◆ What you are asked to do: Give again, unaltered, the lines of the listing below that run from the line having "New Blanket +" through the line having "Two thick slices".

*** Opening Supplied data ***

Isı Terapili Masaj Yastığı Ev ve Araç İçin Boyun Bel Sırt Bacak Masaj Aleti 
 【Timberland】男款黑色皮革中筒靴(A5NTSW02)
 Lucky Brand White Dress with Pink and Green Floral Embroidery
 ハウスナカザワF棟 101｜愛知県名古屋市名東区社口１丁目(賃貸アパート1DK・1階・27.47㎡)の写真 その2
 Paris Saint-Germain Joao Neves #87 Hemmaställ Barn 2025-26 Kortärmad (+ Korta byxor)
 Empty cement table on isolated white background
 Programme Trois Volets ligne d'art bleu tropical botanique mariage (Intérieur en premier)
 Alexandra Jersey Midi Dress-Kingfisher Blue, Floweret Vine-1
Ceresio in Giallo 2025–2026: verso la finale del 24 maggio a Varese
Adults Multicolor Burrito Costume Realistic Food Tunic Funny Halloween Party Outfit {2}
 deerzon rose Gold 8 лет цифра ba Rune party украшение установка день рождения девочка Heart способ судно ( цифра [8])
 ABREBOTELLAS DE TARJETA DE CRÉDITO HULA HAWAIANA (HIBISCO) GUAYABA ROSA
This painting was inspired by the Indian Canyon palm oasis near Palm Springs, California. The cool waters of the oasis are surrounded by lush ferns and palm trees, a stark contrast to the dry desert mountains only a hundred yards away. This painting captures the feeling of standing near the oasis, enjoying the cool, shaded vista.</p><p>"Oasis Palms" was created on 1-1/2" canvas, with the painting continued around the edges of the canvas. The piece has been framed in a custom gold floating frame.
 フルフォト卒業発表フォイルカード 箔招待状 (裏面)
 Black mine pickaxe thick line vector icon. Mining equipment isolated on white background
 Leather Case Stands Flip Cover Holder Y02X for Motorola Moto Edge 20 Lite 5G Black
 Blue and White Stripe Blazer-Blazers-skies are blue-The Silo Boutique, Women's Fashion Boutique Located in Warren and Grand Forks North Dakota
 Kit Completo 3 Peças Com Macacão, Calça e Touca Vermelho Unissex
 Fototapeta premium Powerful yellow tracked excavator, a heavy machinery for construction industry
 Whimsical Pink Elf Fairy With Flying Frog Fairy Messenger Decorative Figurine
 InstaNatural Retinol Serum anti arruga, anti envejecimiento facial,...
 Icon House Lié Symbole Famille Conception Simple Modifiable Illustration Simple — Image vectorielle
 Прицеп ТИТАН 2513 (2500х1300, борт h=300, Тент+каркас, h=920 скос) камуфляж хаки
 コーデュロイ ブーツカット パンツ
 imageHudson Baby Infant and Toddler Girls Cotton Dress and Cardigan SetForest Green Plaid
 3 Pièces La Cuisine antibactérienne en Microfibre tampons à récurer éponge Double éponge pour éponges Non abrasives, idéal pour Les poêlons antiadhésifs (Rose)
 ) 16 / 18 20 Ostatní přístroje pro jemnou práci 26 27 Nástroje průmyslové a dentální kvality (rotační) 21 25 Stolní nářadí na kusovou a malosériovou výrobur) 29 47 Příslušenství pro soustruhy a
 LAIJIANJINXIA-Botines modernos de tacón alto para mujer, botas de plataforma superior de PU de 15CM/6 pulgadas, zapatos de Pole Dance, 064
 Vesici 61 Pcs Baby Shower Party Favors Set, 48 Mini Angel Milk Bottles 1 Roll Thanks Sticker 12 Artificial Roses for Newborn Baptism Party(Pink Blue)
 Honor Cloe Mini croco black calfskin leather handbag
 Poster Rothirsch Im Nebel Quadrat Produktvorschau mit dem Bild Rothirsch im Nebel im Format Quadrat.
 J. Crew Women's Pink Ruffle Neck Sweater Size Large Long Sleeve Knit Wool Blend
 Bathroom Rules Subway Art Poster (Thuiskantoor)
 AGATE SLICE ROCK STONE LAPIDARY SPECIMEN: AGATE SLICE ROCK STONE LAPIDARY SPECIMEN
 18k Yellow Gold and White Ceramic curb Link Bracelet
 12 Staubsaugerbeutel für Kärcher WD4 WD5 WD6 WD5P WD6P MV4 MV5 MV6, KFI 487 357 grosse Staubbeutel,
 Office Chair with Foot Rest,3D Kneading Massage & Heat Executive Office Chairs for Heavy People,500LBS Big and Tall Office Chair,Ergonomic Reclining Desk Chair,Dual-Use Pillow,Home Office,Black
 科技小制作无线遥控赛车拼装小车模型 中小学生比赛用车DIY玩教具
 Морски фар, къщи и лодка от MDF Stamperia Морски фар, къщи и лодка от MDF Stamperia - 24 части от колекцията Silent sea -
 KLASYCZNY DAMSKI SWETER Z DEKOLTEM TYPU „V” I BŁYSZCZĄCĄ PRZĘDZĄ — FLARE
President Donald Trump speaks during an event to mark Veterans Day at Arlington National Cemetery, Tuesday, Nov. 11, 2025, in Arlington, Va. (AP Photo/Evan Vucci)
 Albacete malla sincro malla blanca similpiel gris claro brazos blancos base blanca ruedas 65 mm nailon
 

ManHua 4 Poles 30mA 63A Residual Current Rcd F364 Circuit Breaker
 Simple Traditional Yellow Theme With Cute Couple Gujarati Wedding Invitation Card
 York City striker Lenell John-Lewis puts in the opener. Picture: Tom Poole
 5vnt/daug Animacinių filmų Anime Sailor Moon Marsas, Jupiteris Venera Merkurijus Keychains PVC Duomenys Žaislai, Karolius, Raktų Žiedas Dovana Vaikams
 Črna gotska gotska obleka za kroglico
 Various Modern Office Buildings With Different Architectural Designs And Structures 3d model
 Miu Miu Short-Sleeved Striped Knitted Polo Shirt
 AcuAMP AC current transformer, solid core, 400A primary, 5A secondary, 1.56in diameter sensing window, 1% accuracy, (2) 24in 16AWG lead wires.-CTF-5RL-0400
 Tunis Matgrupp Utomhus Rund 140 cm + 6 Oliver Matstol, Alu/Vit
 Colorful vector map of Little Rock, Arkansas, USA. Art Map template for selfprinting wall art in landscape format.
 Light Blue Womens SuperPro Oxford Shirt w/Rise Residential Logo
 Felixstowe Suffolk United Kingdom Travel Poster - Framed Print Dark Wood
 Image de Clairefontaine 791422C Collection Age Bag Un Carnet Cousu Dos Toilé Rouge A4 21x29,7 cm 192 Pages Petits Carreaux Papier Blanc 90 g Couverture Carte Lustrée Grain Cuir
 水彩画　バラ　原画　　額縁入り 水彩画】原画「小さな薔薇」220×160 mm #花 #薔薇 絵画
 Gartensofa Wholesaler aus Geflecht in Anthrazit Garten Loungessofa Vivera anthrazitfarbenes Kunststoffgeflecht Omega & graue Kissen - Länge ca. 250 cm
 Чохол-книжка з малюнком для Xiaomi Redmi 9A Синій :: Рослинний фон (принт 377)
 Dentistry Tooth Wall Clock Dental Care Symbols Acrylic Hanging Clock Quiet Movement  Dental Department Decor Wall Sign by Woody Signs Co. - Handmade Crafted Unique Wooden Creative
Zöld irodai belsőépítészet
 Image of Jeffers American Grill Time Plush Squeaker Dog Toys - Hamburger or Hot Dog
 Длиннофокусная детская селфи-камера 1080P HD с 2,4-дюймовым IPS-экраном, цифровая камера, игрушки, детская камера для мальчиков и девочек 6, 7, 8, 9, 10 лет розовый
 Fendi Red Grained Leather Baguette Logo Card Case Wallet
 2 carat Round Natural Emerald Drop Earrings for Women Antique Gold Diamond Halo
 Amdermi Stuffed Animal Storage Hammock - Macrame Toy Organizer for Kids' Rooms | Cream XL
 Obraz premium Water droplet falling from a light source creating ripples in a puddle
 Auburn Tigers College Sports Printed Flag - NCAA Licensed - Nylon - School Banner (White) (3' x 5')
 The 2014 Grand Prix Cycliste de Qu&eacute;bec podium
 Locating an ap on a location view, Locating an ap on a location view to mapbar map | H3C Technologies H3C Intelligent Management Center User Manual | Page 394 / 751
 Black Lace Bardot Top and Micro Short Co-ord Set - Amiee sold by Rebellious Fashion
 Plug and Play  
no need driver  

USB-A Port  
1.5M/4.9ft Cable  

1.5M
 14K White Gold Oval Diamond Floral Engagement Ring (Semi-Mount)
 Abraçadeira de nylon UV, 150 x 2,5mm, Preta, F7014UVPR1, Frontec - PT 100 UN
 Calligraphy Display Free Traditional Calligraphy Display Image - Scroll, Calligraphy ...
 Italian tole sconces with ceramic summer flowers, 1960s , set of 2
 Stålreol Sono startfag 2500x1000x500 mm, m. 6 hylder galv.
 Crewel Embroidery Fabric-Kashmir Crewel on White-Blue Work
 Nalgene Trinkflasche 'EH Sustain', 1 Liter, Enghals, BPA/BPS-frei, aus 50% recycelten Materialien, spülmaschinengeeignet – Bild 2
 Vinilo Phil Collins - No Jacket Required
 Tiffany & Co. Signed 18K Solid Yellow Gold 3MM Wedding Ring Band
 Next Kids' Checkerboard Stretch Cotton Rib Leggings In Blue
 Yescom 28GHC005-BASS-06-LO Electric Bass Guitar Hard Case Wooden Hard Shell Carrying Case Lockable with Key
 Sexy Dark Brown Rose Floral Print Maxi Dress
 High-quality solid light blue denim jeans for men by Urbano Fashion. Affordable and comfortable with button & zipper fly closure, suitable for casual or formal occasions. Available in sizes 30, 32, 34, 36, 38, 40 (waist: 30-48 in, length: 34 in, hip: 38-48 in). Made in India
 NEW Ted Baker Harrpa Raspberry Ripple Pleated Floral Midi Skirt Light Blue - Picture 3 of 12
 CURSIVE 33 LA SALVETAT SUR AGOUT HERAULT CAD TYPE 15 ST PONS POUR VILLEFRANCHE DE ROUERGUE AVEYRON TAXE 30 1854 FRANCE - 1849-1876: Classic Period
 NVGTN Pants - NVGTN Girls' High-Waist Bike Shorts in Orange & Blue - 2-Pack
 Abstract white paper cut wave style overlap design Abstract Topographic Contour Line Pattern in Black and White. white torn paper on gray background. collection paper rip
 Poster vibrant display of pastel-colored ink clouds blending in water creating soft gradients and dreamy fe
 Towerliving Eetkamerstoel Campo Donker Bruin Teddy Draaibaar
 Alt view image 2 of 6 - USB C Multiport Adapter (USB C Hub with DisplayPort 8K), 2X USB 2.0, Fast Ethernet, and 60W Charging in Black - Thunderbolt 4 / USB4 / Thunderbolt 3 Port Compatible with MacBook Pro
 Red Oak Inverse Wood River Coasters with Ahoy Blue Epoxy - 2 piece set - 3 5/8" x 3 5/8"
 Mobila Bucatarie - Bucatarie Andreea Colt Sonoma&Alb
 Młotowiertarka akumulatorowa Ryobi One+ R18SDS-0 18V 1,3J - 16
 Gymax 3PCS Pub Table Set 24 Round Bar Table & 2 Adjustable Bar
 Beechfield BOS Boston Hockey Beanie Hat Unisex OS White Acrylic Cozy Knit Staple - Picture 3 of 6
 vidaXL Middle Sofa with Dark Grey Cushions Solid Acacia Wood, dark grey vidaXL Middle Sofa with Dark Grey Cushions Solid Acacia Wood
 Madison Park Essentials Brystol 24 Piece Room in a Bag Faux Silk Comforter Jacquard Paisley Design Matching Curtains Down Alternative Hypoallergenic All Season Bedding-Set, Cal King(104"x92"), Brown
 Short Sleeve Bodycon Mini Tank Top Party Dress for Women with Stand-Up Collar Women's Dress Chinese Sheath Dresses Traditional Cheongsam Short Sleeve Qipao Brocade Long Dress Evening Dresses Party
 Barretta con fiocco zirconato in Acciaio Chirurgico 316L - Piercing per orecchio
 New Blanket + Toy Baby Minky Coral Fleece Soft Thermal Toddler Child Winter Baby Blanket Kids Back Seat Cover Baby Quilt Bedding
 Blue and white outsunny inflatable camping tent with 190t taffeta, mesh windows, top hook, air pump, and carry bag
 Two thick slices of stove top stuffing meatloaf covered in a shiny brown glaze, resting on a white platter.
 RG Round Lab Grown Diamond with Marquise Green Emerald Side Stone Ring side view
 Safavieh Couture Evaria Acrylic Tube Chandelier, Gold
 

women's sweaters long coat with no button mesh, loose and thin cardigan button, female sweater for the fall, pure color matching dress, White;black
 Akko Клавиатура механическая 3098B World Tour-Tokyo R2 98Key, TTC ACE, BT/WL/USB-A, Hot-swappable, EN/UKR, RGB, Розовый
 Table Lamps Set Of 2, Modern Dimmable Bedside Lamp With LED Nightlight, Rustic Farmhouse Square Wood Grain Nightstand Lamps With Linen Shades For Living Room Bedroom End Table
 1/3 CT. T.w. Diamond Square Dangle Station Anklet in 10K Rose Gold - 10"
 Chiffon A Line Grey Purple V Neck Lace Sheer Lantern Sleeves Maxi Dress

*** Closing Supplied data ***

◆ Response to the task:
 New Blanket + Toy Baby Minky Coral Fleece Soft Thermal Toddler Child Winter Baby Blanket Kids Back Seat Cover Baby Quilt Bedding
 Blue and white outsunny inflatable camping tent with 190t taffeta, mesh windows, top hook, air pump, and carry bag
 Two thick slices of stove top stuffing meatloaf covered in a shiny brown glaze, resting on a white platter.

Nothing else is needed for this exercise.